Ethics – Human Case Study (<2008) - How Does Alcohol Affect Response Time?

Mon, 2012-02-27 08:13 -- pwhippey

Description of the Project

How does alcohol affect response time?

William grew up in a family that grew grapes for wine-making. He proposed to give a set of volunteers from his immediate family 1 ounce of alcohol every half hour for two hours, measuring their response time ten minutes after each glass. He intended to use 1 ounce drinks with concentrations of 5%. 10% 15% and 20% alcohol.

Advice or Ruling

This project is ineligible for any Science Fair for several reasons:

  • It involves giving humans a substance that is known to be deleterious to their well being, and so is unacceptable from an ethical perspective.
  • The affect of alcohol on humans has been studied extensively, so this experiment is not going to generate any new data. Typing "Effect of Alcohol on Humans" into Google received over 9 million hits on 6 February 2009.
  • It involves a minor encouraging others to drink alcohol. It is not appropriate for any Science Fair Organization to condone this practice.
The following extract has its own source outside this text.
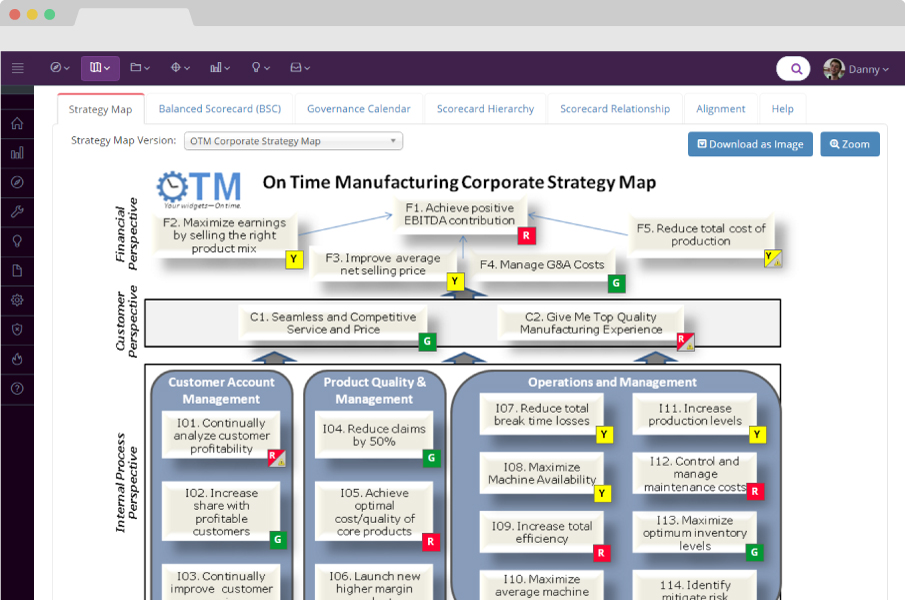 ESM+Strategy Software - Create and visualize organizational goals with best-practice Kaplan-Norton strategy maps.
No project involving consumption of alcohol by either humans or animals is eligible for any School, Regional or National Science Fair.
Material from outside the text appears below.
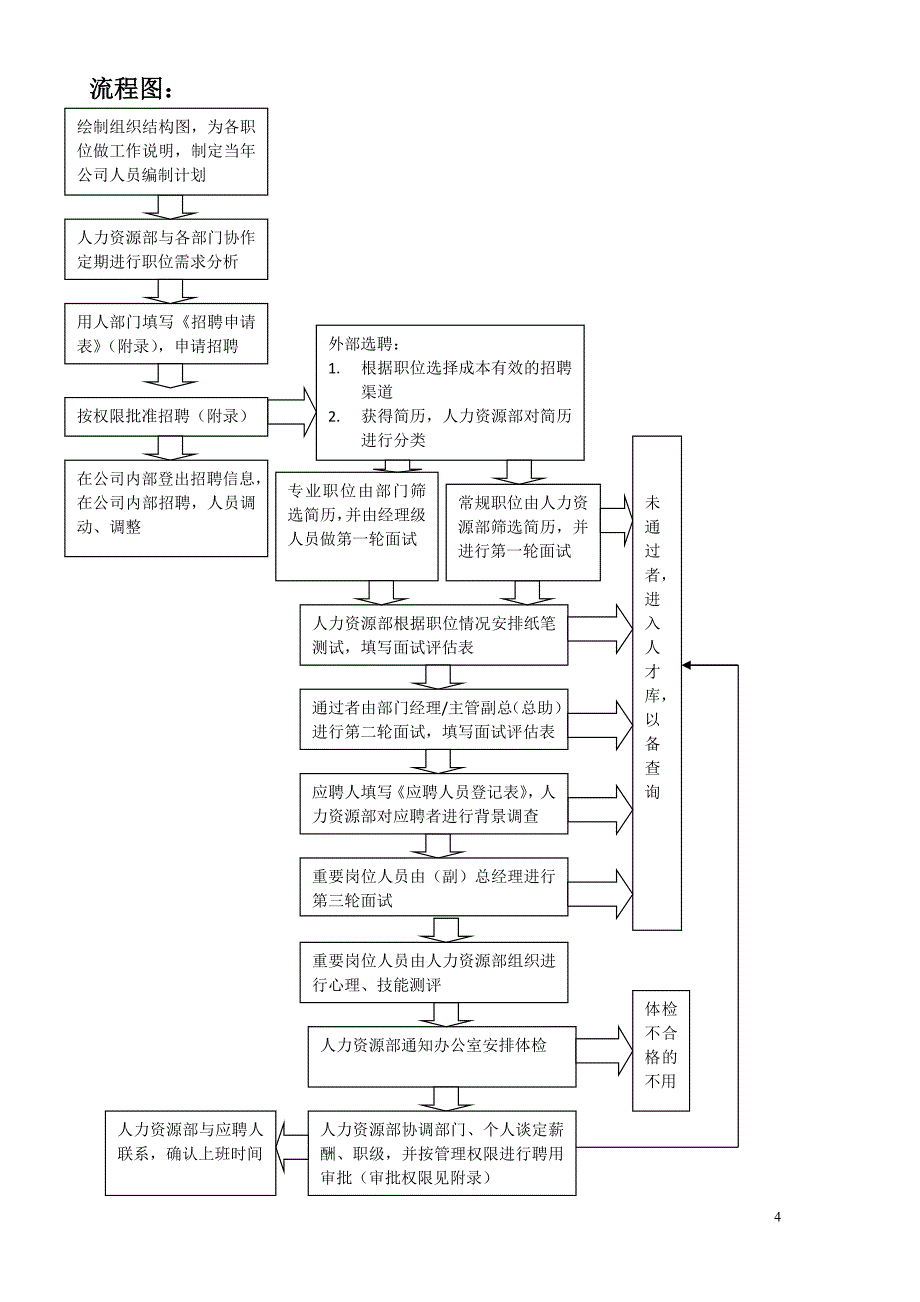 招聘工作流程77797_第4页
A member of the regional science fair committee will work with William to find a project that is within the rules.

Your Project

If your proposed science fair project involves the participation of humans or the use of animals,
  1. Visit the Ethics web page so as to become familiar with the policies.
  2. Fill in the Request for Advice or a Ruling.
  3. Submit it to the Ethics Committee of your Regional Science Fair.

Disclaimer

These case studies summarize interesting examples of science fair projects involving humans or animals submitted to the Youth Science Canada National Ethics Committee for review. A brief description of the proposed project is given, along with the ruling given by the Ethics Committee. Some details may have been changed in the descriptions so that the original source cannot be identified. The ethical challenges described have not been changed.